If there are no such sources in the difficult environment of North Africa's deserts, Wipple says, it's because the United States has focused elsewhere during the past decade.
"Good (human intelligence) takes years and decades of development and recruitment, not a U.S. strong suit," Wipple said.
Human vs. mechanical
Foust recommends that Congress and the White House craft rules that would allow the U.S. intelligence services to do more to penetrate terror networks in Africa and beyond with human spies as opposed to mechanical ones in the air or electronic surveillance.
Others say Obama should revive parts of the detainee and interrogation program in effect during President George W. Bush's administration when the CIA employed "enhanced interrogation" techniques such as waterboarding to wrest information from captured terrorists.
"With every drone strike, we're vaporizing intelligence about what they intend to do in East Africa, the Islamic Maghreb and elsewhere," says Marc Thiessen, a former White House official under George W. Bush. "There are times you have to (use drones), but anytime you can get somebody alive rather than killing them, you ought to be doing it."
Thiessen says Obama should issue an executive order to revive parts of the Bush-era program. Such a program would require legal guidance to enable holding detainees and facilities for long-term detention and interrogation, he says.
Reviving the harsh interrogation techniques of the Bush era is not necessary, Thiessen says, but "we need to be doing something to get intelligence, and that involves talking to people."
Targeted killings have removed half the top leaders of the centralized terrorist network once based in the mountains of Afghanistan and Pakistan, according to the Obama administration. But al-Qaida has grown stronger in places such as Libya and Syria.

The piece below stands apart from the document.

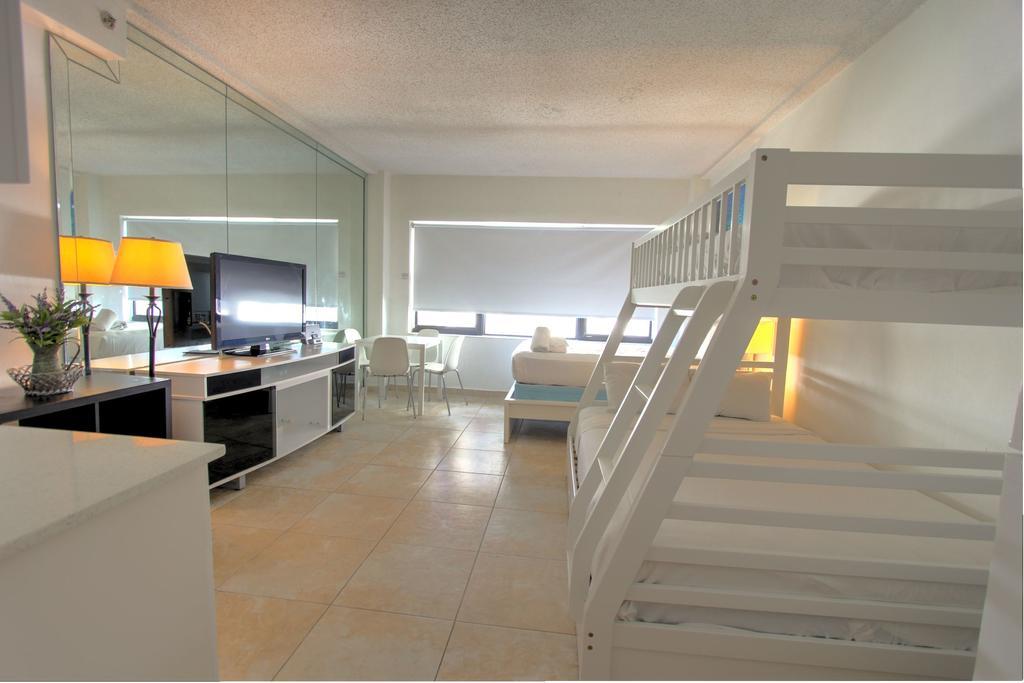 Deluxe Private Studios At The Casablanca Miami Dış mekan fotoğraf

In northern Mali, al-Qaida in the Islamic Maghreb (AQIM) joined forces with other Islamist militias last year to take control of arid territory the size of Texas. The United States is providing a French invasion force with aerial intelligence and transportation close to the battlefield.

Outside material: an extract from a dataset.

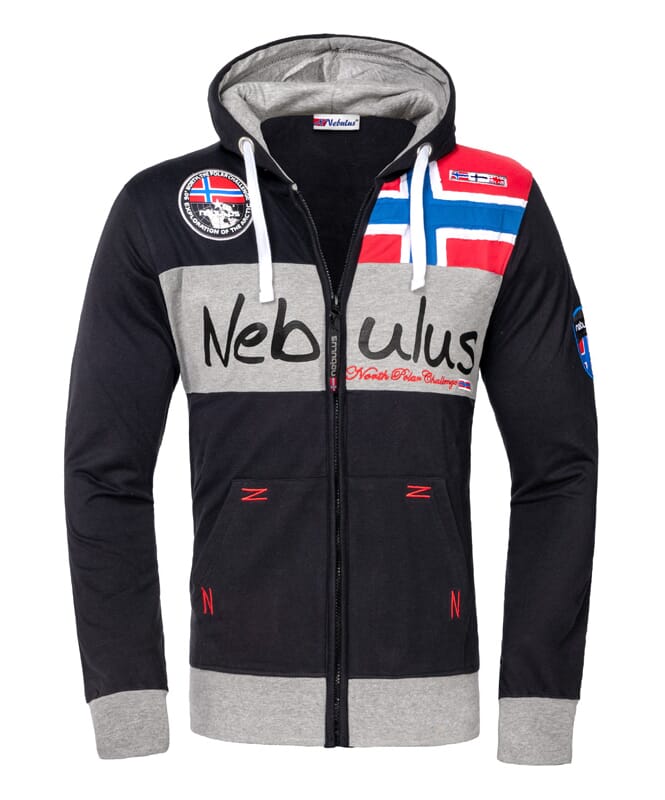 Nebulus Sweatjacke NAPA Herren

An AQIM offshoot that calls itself "Signers in Blood" attacked an Algerian gas facility last week in Amenas and took hundreds of hostages over a five-day onslaught. Thirty-seven workers were killed, including three Americans.
Threat to the U.S.?
Pham and others say AQIM's threat to the U.S. homeland is remote, for now. But the group is a danger to U.S. interests in an area that the United States and much of the world relies on for energy.
Brennan's assessment? He has called al-Qaida's vision of global domination through a violent Islamic caliphate "absurd" and said U.S. strategy is not organized "against a feckless delusion that is never going to happen."
He says the Obama administration will frustrate al-Qaida leaders' hopes "to bleed us financially by drawing us into long, costly wars that also inflame anti-American sentiment" by ending wars in Iraq and Afghanistan and not deploying large armies.
"Going forward ... our best offense won't always be deploying large armies abroad but delivering targeted, surgical pressure to the groups that threaten us," Brennan says.
Some experts say a soft response to the growing threat will come back to haunt the United States, just as it did during the 1990s when bin Laden and his associates were seen as a dangerous, but limited, nuisance rather than the mammoth threat that launched 9/11.
Reuel Marc Gerecht, a former CIA operative at the Foundation for Defense of Democracies, points out that there has been no U.S. retaliation after al-Qaida-linked terrorists attacked the U.S. consulate in Benghazi, Libya, on the anniversary of the Sept. 11 attacks. U.S. Ambassador Chris Stevens and three other Americans were killed. The restrained reaction creates the perception that "the United States is weak," which will embolden more jihadism, he says.
When the consulate was attacked, Gen. Carter Ham, leader of U.S. Africa Command, didn't have a regular fighting force under his command and couldn't launch a quick rescue, Pham says. He still doesn't.
"We're fighting unconventional asymmetric challenges across the globe, but we're constantly fighting using conventional means -- fighting the last war and not the current one," Pham says.